Macro hedge funds de-risking amid bumpy market but remain long equities - Barclays

Published 21/10/2025, 10:24
© Reuters

Investing.com - Equity exposure is at its highest level in more than a year among global hedge funds focused on broad market movements and other funds specializing in long-term investments, according to estimates from Barclays.

In September, hopes for U.S. economic resilience and resurgent fervor around massive spending on artificial intelligence propelled equities on Wall Street to all-time peaks.

Global macro hedge funds briefly grew their positions in stocks to multi-year highs during the month, while equity exposure in so-called "long-only funds" -- which buy and hold securities with the expectation that their value will increase over time -- continued to expand, analysts at Barclays said.
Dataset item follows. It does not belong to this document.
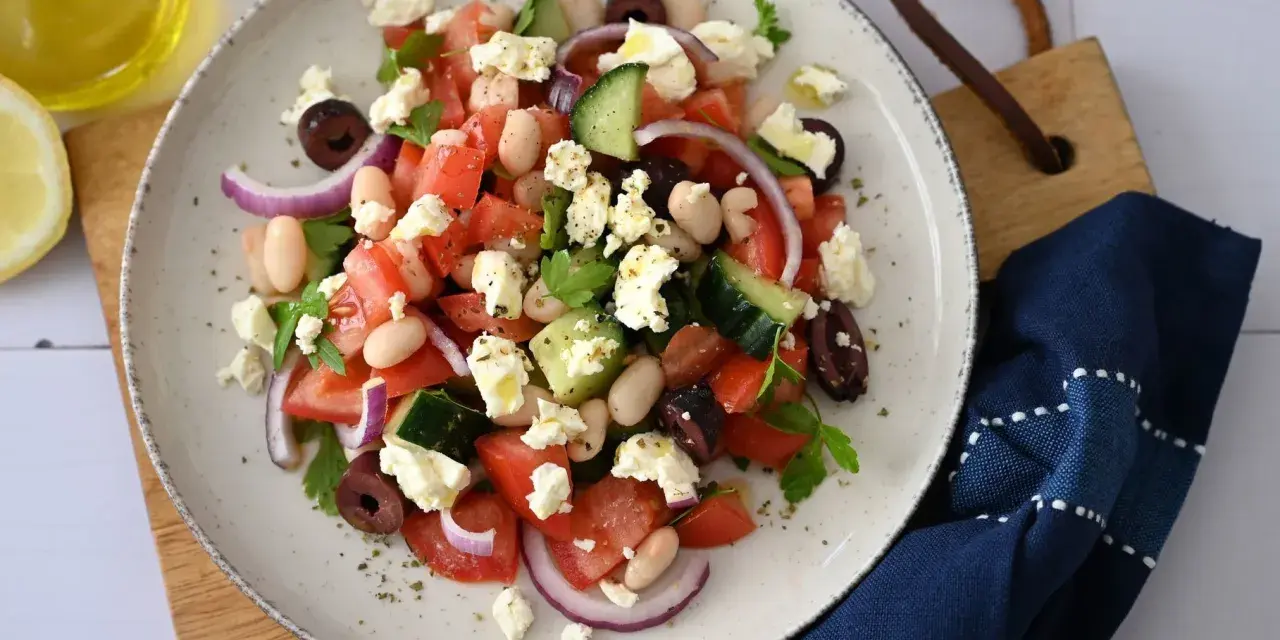 Frischer griechischer Bohnensalat mit Tomaten, Gurken, roten Zwiebeln, Oliven und Feta. Ein Spritzer Olivenöl und Zitrone machen ihn perfekt.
But volatility has returned to stock markets in October, due partially to worries over renewed trade fight between the U.S. and China. In this latest round of tensions, President Donald Trump has threatened to slap triple-digit tariffs on China after Beijing tightened its controls on exports of crucial rare earth materials integral to a number of industries.
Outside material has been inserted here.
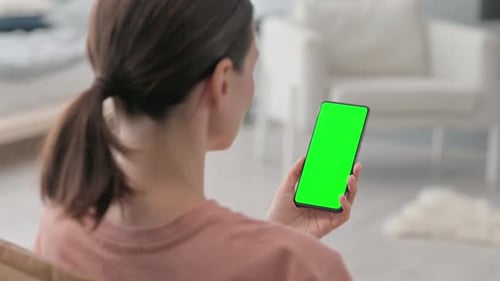 Woman Using Chroma Key Smartphone at Home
Last week, some regional U.S. banks also flagged bad loans and fraud issues, sparking fears around the credit health of smaller American lenders. Banking stocks widely fell on the news.

Hovering around all of this have been emerging concerns that rampant speculation and dealmaking around AI could be fueling a bubble in a sector that has underpinned stock gains for months.
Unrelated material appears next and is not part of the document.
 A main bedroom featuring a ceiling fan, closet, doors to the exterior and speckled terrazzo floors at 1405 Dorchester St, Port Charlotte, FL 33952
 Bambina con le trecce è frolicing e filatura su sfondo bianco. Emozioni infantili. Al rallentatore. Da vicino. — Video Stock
Against this backdrop, Wall Street’s most watched gauge of investor anxiety has creeped up, at one point touching its highest mark since April last week.

"[T]he combination of renewed tariff tensions, rising credit concerns within private markets and among the regional banks, and AI bubble chatter spurred institutions to partially unwind some of their recent buy-up," the Barclays analysts including Venu Krishna and Japinder Chawla wrote in a note on Tuesday.

Yet long positions remain elevated, with markets are now looking to the third-quarter corporate earnings season to establish a "fundamental base" for the rally in stocks following the recent ructions, they suggested. Analysts are currently anticipating that S&P 500 earnings during the quarter will jump by 9.3% versus a year ago on aggregate, according to Reuters.